We all have areas of weaknesses. Instead of struggling with critical areas where you’ve not yet been successful, you need to admit it. Surrender. Realize you currently don’t have the skills or judgment to be left to your own devices.

This is easy when it comes to things like car repair, complicated taxes, legal issues, and even computer upgrades. You know you’re out of your league and think nothing of hiring a specialist.

The challenge is when you think you should know something, or think you can figure it out. You spin your wheels for hours accomplishing nothing. Why do you do this? Mostly because you don’t want to admit you can’t figure it out. Or you like a challenge.

When I have surrendered and solicited help in areas that came easily to others, I’ve made much greater progress quickly. But most of us don’t look at our results and step back to assess that really we have little skill in this area.

For example, after struggling for years to lose weight and get more exercise, I finally realized that while I knew what to do, I didn’t do it. It wasn’t a lack of information, it was an inability to consistently apply what I knew. I saw that if I were going to master this area of my life, I needed outside input. I hired a well-being coach. I worked with her for 18 months and saw dramatic changes in my habits that in turn affected other areas of my life.

Most call this kind of input coaching or mentoring. I call it adult supervision. What’s the difference?

There’s a lot of overlap. However, adult supervision is a little looser. It’s engaging someone who’s been successful in what you want to advance. You may not talk every week — it may be once a month or longer. They are a wise sounding board.

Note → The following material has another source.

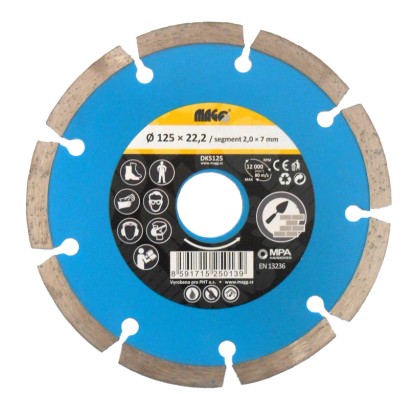 MAGG Diamantový kotouč segmentový 125 x 22,2 mm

I’ve utilized adult supervisors for much of my life. In school, teachers would roam guiding us as we worked on assignments. In auto repair class, the instructor checked as we worked on our cars, helping when needed. After class ended, I felt I still needed guidance, so arranged to tune up my car outside an auto-savvy friend’s house. If I ran into trouble, or wanted him to check my work, he was available just inside the house. It comforted me to know help was only steps away.

A friend recently faced tough times. He confided that he has had to confront his many bad decisions that got him where he’s at. He also admitted that he continues to make bad decisions. He needs some adult supervision to help guide him out of his thinking that keeps him in dire straights.

Since I’ve engaged others to be my adult supervisors, I’ve gained wisdom that would have been more painful left to my own figuring it out. So I’m on the other side — I’m now being asked to be adult supervision for others. They call it coaching, but it is on a irregular basis. They retain me and use my time as they need it. They are fine on many aspects of their businesses, but want a ready sounding board who’s been successful at what they want to accomplish.

Adult supervision is like having a periodic mentor or on-call counsel. You are emboldened to move forward into unfamiliar territory because you know you have guidance to walk you through it. This sage can tutor you through obstacles, push back on your thinking and help you keep aligned with your higher goals.

Have you used counsel like this? If so, how have you worked best with this kind of advisor?